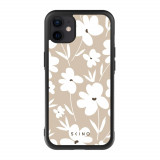 Husa iPhone 11 - Skino Flower Glam, flori bej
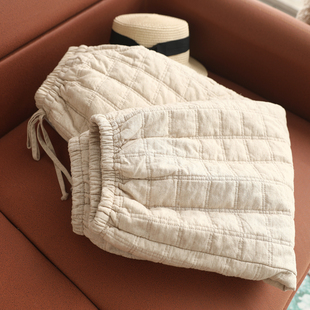 新款麻本色加棉灯笼裤女宽松白色棉麻方格压线休闲九分棉裤 潮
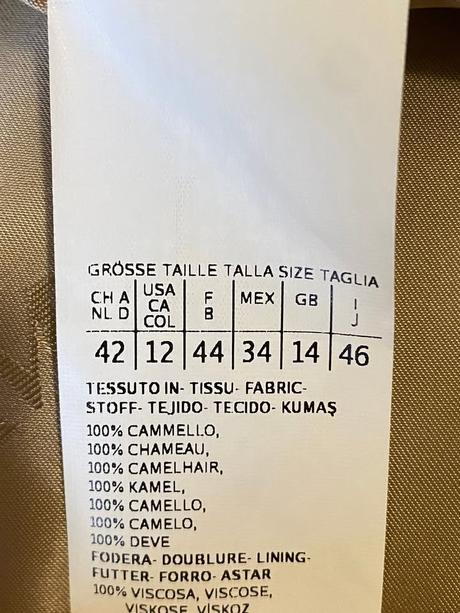 Elegantný vlnený kabát max mara č.42 a rukavice, 42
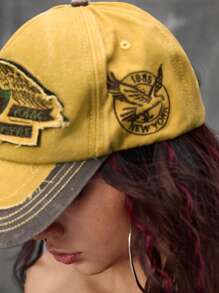 ROMWE Grunge Punk 1 件复古街头星星印花棒球帽，Y2K 别致英文标语棒球帽，休闲个性化刺绣，可调节尺寸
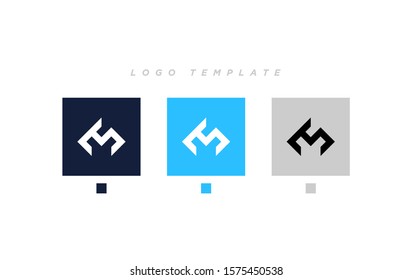 MS, SM, S, M Logo. Letter Design for initial your company brand icon Vector illustrator with blue, black and navy blue Colors.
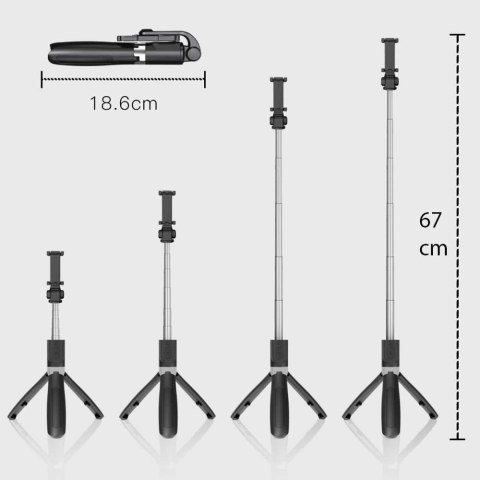 BlitzWolf Uchwyt Selfie Stick Tripod P50 na telefon kijek do zdjęć + Pilot Bluetooth Czarny BlitzWolf Uchwyt Selfie Stick Tripod P50 na telefon kijek do zdjęć + Pilot Bluetooth Czarny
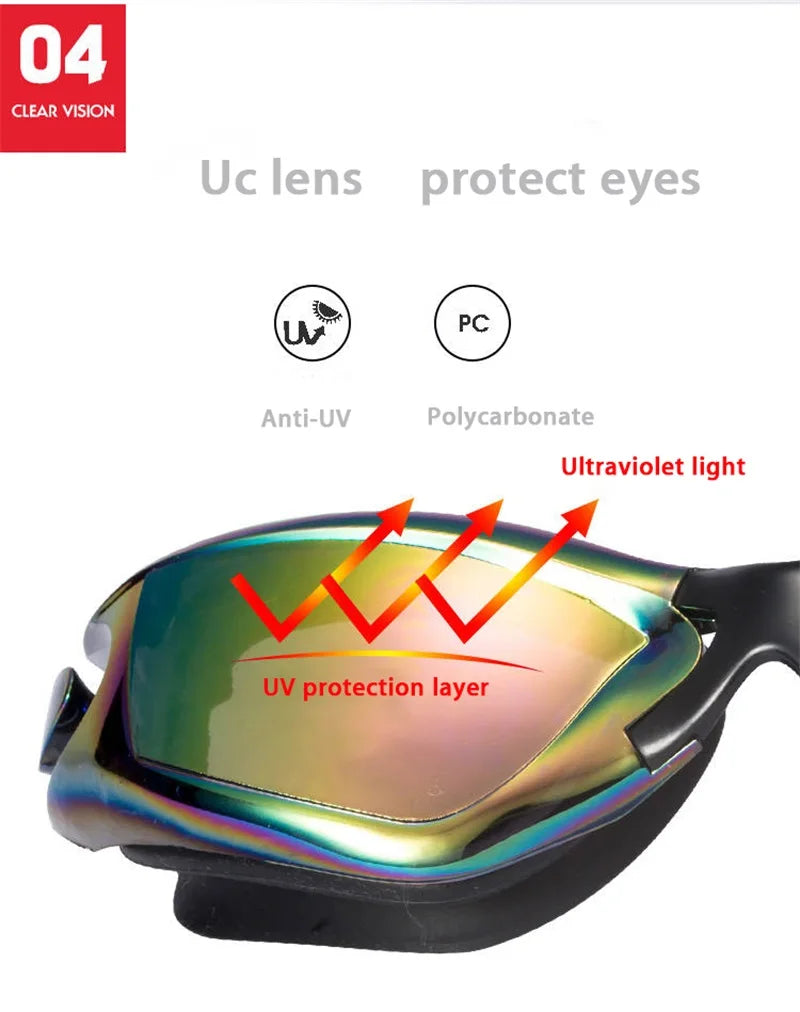 Professional Swimming Goggles: Electroplated, Waterproof with Earplugs & Nose Clip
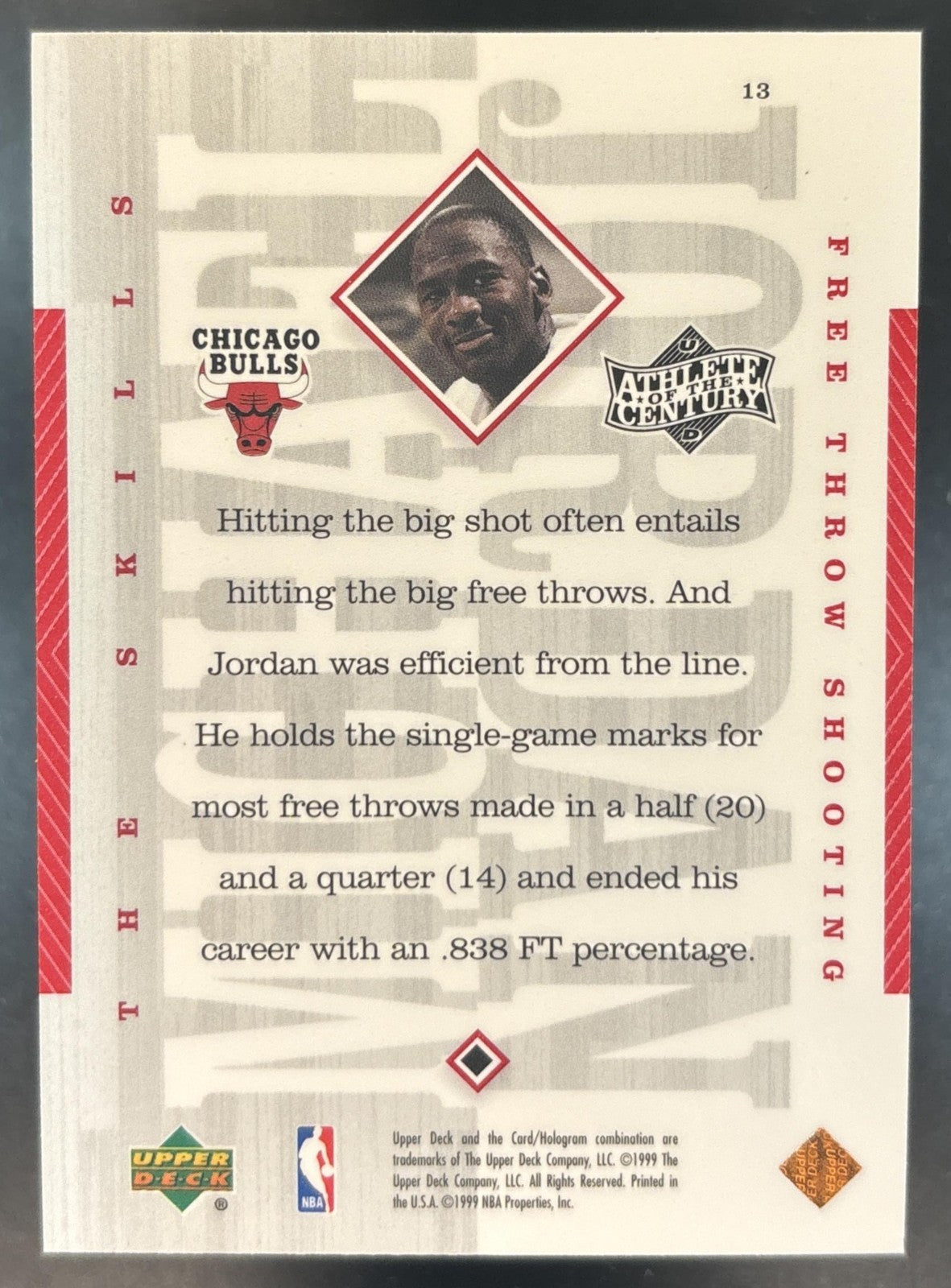 1999-00 Upper Deck Michael Jordan Athlete of the Century #13 Chicago Bulls
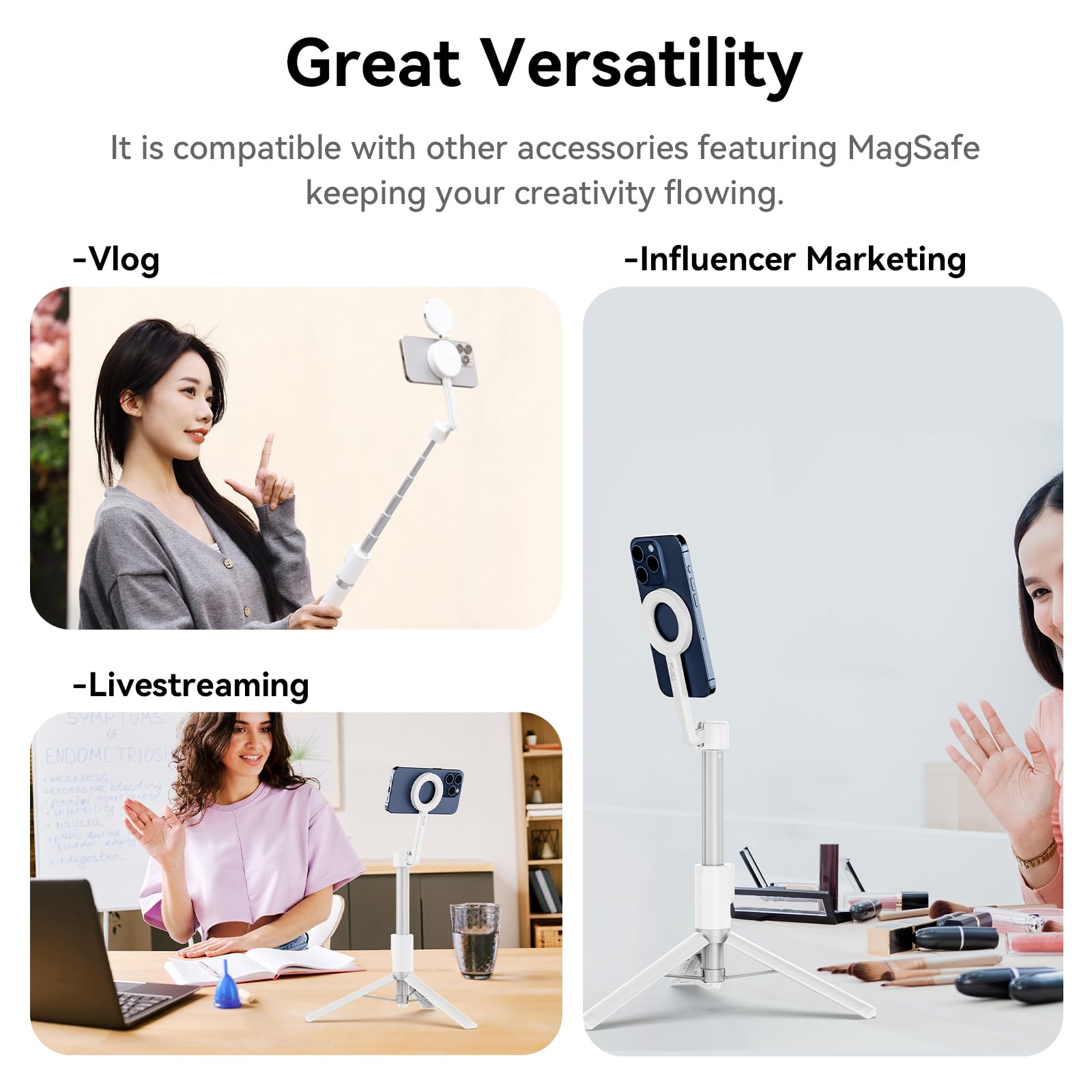 Ulanzi 54'' Magnetic Selfie Stick Tripod Pro, All-In-One Phone Tripod W Magnetic Phone Holder & Detachable Wireless Remote, C/W Magsafe, For Iphone 16 15 14 13 12 Series & Android Phones (White)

★ ★ ★

- _AIM OF THE TASK_: Every line from the one containing "Bluetooth Czarny BlitzWolf" through the end of the listing is to be copied exactly; the pictures are not.

- _YOUR SOLUTION_:
 BlitzWolf Uchwyt Selfie Stick Tripod P50 na telefon kijek do zdjęć + Pilot Bluetooth Czarny BlitzWolf Uchwyt Selfie Stick Tripod P50 na telefon kijek do zdjęć + Pilot Bluetooth Czarny
 Professional Swimming Goggles: Electroplated, Waterproof with Earplugs & Nose Clip
 1999-00 Upper Deck Michael Jordan Athlete of the Century #13 Chicago Bulls
 Ulanzi 54'' Magnetic Selfie Stick Tripod Pro, All-In-One Phone Tripod W Magnetic Phone Holder & Detachable Wireless Remote, C/W Magsafe, For Iphone 16 15 14 13 12 Series & Android Phones (White)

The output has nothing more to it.